*** Opening of Records for the exercise ***
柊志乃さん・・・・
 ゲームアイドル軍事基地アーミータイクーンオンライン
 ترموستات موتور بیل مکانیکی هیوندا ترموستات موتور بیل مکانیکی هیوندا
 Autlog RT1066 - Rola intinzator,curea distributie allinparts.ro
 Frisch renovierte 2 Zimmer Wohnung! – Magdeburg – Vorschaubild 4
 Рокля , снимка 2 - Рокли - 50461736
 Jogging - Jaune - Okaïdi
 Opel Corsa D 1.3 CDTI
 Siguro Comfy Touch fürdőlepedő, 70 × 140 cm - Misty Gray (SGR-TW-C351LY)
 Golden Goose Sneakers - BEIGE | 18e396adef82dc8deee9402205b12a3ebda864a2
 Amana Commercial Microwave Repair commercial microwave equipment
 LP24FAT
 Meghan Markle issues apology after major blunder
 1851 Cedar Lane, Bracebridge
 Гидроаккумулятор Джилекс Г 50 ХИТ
*** Close of Records for the exercise ***
(Task requirements): Exactly and exclusively, repeat the lines from the line that contains "Golden Goose Sneakers" through the end of the records, both ends included.

(Exercise response):
 Golden Goose Sneakers - BEIGE | 18e396adef82dc8deee9402205b12a3ebda864a2
 Amana Commercial Microwave Repair commercial microwave equipment
 LP24FAT
 Meghan Markle issues apology after major blunder
 1851 Cedar Lane, Bracebridge
 Гидроаккумулятор Джилекс Г 50 ХИТ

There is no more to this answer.